2. Description of the Prior Art
Conventional technologies to further reduce the source inductance for semiconductor power devices including the source inductance in FET, MOSFET and JFET devices are challenged by several technical difficulties and limitations. There are ever increasing demand to reduce the source inductance in the semiconductor power devices because more and more power devices are required to apply in the applications that demand high efficiency, high gain, and high frequency semiconductor power devices. The source inductance reduction can be achieved by eliminating the bond-wires in the package of a semiconductor power device. Many attempts are made to eliminate the bond-wires by configure the semiconductor substrate as a source connection for the semiconductor power devices. There are difficulties in such approaches due to the facts that typical vertical semiconductor power devices is arranged to place the drain electrode on the substrate. Referring to FIGS. 1A and 1B for the vertical power devices shown as trenched and planar DMOS devices respectively that use the substrate as the drain electrode with the current flows vertically from the source down to the drain region disposed at the bottom of the substrate. The top source electrode usually requires bond wires for electrical connections during a device packaging process thus increasing the source inductance.
Referring to FIG. 1C for a new vertical channel LDMOS device disclosed by Seung-Chul Lee et al, in Physica Cripta T101, pp. 58-60, 2002, with a structure shown as a standard vertical trenched DMOS wherein the drain contact is disposed on the side while the source is still on top of the active area.

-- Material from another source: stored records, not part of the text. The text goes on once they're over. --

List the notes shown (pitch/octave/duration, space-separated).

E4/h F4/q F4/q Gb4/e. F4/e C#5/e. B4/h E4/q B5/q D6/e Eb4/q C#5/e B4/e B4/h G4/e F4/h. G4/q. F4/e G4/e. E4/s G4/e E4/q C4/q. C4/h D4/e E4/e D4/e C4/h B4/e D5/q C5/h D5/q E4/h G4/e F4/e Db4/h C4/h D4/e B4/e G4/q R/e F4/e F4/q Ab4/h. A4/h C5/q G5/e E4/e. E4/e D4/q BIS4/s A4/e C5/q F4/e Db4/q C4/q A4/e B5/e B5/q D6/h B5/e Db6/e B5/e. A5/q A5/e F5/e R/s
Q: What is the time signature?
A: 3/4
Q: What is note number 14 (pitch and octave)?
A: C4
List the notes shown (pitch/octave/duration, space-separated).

However, this device has a limitation due to a large cell pitch caused by the lateral spacing required by the top drain contact. In addition to the limitation of large cell pitch, the trenched FET device in general has a fabrication cost issue due to the fact that the trenched FET requires technologies that may not be available in all foundries and that tend to drive up the fabrication costs. For this reason, it is also desirable to implement the power device as lateral device with planar gate.

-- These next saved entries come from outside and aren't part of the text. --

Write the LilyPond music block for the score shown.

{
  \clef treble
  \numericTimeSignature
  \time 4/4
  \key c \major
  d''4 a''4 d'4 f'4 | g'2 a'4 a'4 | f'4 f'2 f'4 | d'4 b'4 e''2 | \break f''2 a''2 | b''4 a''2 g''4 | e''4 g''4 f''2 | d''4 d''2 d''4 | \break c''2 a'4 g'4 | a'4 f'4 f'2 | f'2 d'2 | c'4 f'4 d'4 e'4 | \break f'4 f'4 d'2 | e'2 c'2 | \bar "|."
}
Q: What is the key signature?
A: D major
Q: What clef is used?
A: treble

Several lateral DMOS with grounded substrate source have been disclosed. A lateral DMOS device typically includes a P+ sinker region (or alternate a trench) to connect the top source to the P+ substrate. The sinker region or the trench increases the pitch of the cell due to the dimensions occupied by the sinker or the trench. Referring to FIG. 1D for a device cross section disclosed by G. Cao et. al, in “Comparative Study of Drift Region Designs in RF LDMOSFETs”, IEEE Electron Devices, August 2004, pp 1296-1303. Ishiwaka O et al; disclose in “A 2.45 GHz power Ld-MOFSET with reduced source inductance by V-groove connections”, International Electron Devices Meeting. Technical Digest, Washington, D.C., USA, 1-4 Dec. 1985, pp. 166-169. In U.S. Pat. No. 6,372,557 by Leong (Apr. 16, 2002) attempts are made to use a buried layer at the interface of the P+ and P− epi layers to reduce the lateral diffusion and hence reduce pitch. In U.S. Pat. No. 5,821,144 (D'Anna and Hébert, Oct. 13, 1998) and U.S. Pat. No. 5,869,875, Hébert “Lateral Diffused MOS transistor with trench source contact” (issued on Feb. 9, 1999) devices are disclosed to reduce the cell pitch by placing the source sinker or trench on the OUTER periphery of the structure. However, in these disclosures, most of the devices as shown use the same metal over the source/body contact regions and gate shield regions and some of the devices use a second metal for drain and gate shield regions. These configurations generally form the P+ sinker through top down diffusion resulting in large cell pitch due to the significant lateral diffusions of the deep sinker diffusions used to connect the top source down to the highly doped substrate, that increases the overall size of the cell over the horizontal plane (cell pitch). A large cell pitch causes a large specific on-resistance which is a function of resistance and device areas. A large cell pitch also increases the device costs due to a larger size of the device and a larger size package.
Reducing the cell pitch of these prior art bottom-source devices results in shifts in the electrical performance of the device. For example, bringing the diffused sinker (which is p+ in doping) closer to the source side of the gate in FIG. 1D will result in a higher threshold voltage since the lateral diffusion of the diffused p+ sinker used to connect the top source to the bottom substrate will encroach in the channel region under the gate, which is also p-type, increase the doping concentration in the channel and hence, increase the threshold voltage, which is an undesirable result.
Therefore, a need still exists in the art of power semiconductor device design and manufacture to provide new device configurations and manufacturing method in forming the power devices such that the above discussed problems and limitations can be resolved.